As such our interpretations are animistic, which is to say, because we are alive, so is everything else. The sun, clouds, trees, flowers, a house. At the same time, the psychology of the child sees things as artificialist, which is to say that everything is there for a reason, and the reason tends to be for the amusement, entertainment, interest or use of the child. Both of these psychologies are necessarily narcissistic - because of course a world in which everything is alive (benignly so), and at our service, makes for a Disneyland sort of paradise.
At the most basic level of course, the sun has a face. And a happy one. In the same way that we project our inner lives onto the world, so too did primitive people, and so too, do some modern people today.
On the website sciencemusings.com the author writes:
A child puts a smiley face on the Sun because it is reassuring to imagine a friendly Sun who follows her about the yard. It requires rather more daring to accept a Sun that is a vast, distant sphere of fire, inanimate and indifferent.
It is only marginally more sophisticated than the psychology of a child to believe that the sun itself is God, or that a chariot draws the sun across the sky (the chariot driver being God) etc etc.

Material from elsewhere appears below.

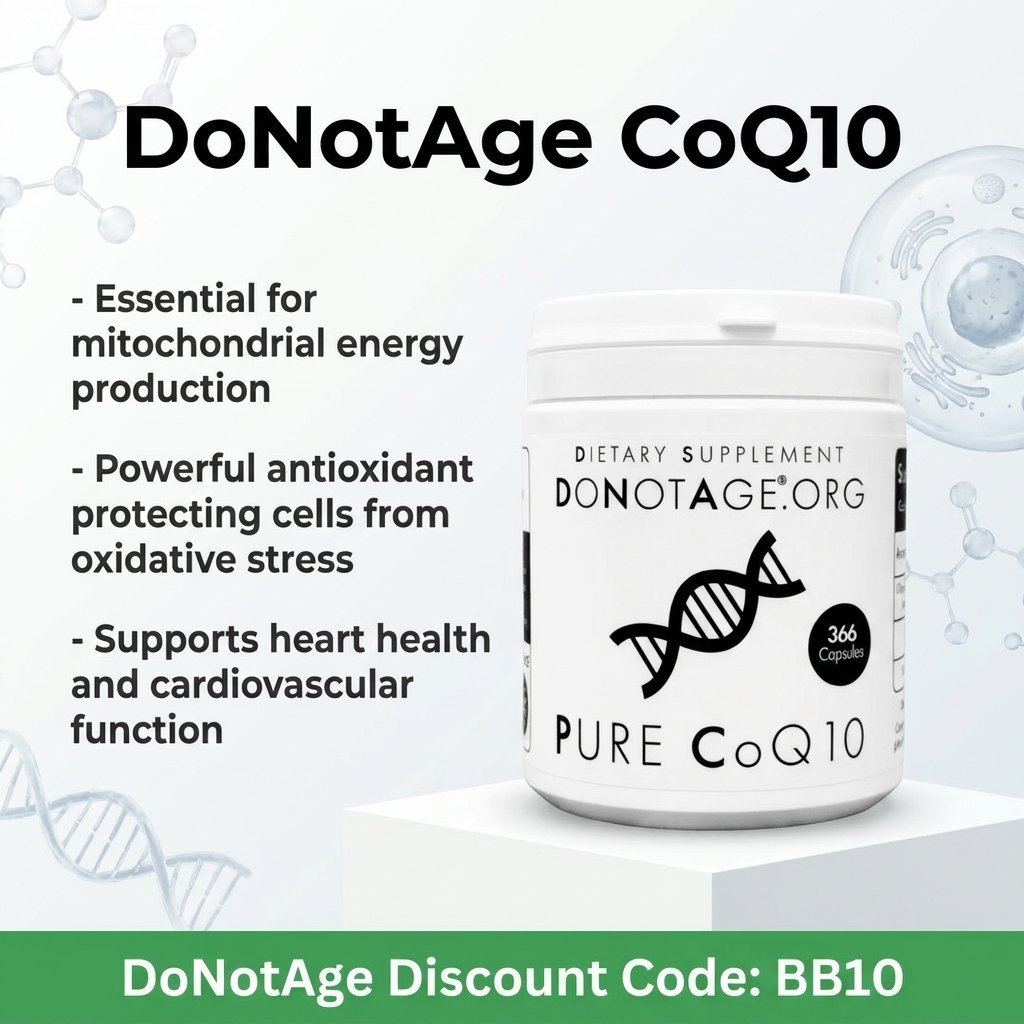 DoNotAge Pure CoQ10, its benefits, and DoNotAge Discount Code (BB10) for 10% sitewide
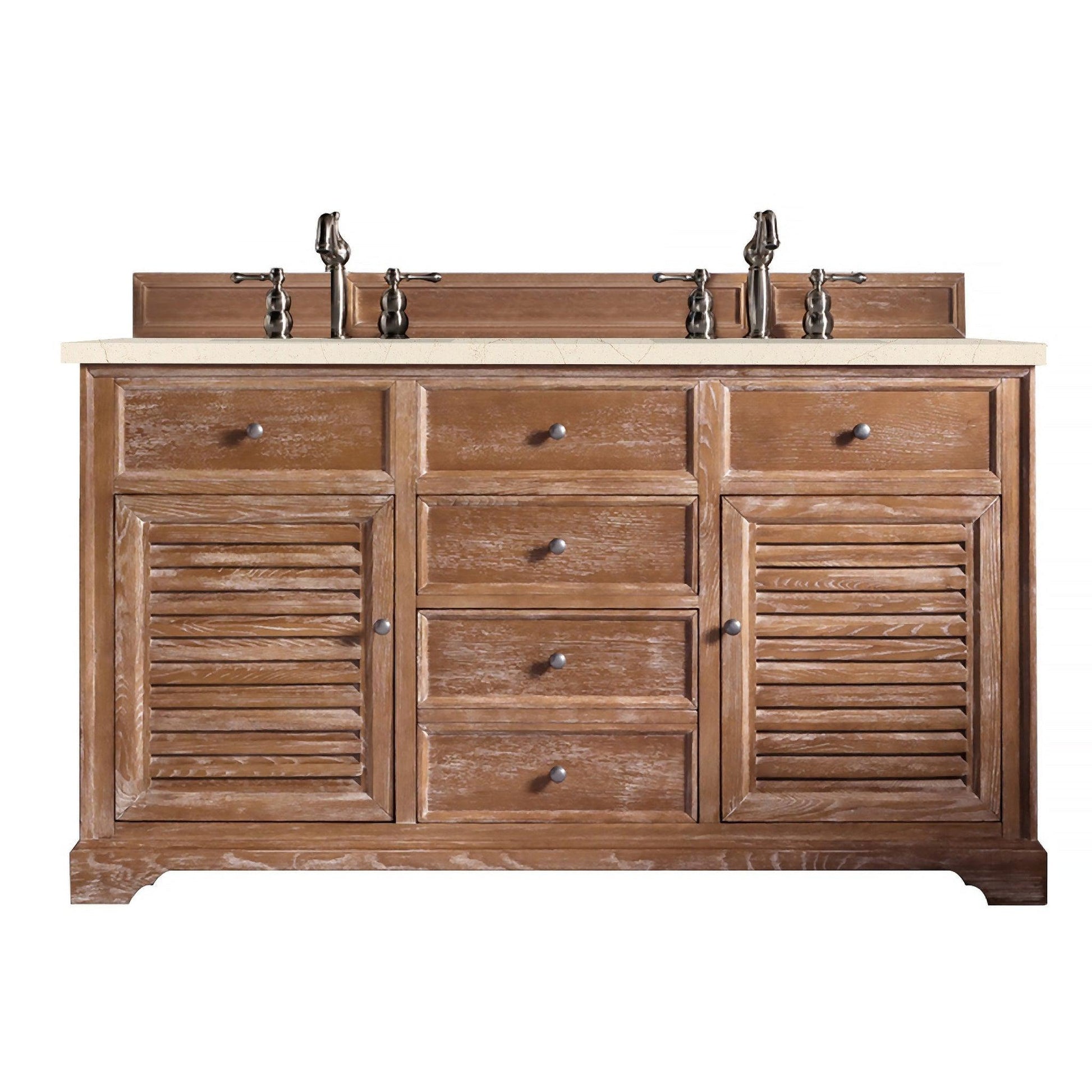 James Martin Vanities Savannah 60" Driftwood Double Vanity Cabinet With 3cm Eternal Marfil Quartz Top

Many people grow up to realise that there is a reality independent to our minds and our inner narratives. This is especially evident when we travel, or move beyond our usual experience, either culturally, socially or otherwise.
Sciencemusings.com goes on to suggest that the best way to know of the independent world outside of ourselves (and the way not to corrupt that perception) is through science.
Science makes three assumptions about the world:
- There is a reality that exists independently of our own minds.
- Things happen according to natural laws, not at the whim of a conscious agency.
- Nature's laws can be known with an ever greater degree of confidence.
In the end, the yellow smiley sun is a small step for a child. But to become a grown up, a child realises that certain things really are alive, and some things, though they may move and transform, are not. It is because these beliefs (in animism and artificialism) are innate, that we feel drawn to believe in the idea of a maker of everything, a purpose, a presence beyond ourselves. But if we are able to individuate, to find ourselves, discover ourselves and our identities, we see the world the way it is. Those who cannot, are those who fail to step out of the child. They fail because they lack courage. Their steps into the world remain not only small, but lost in their own silly fictions.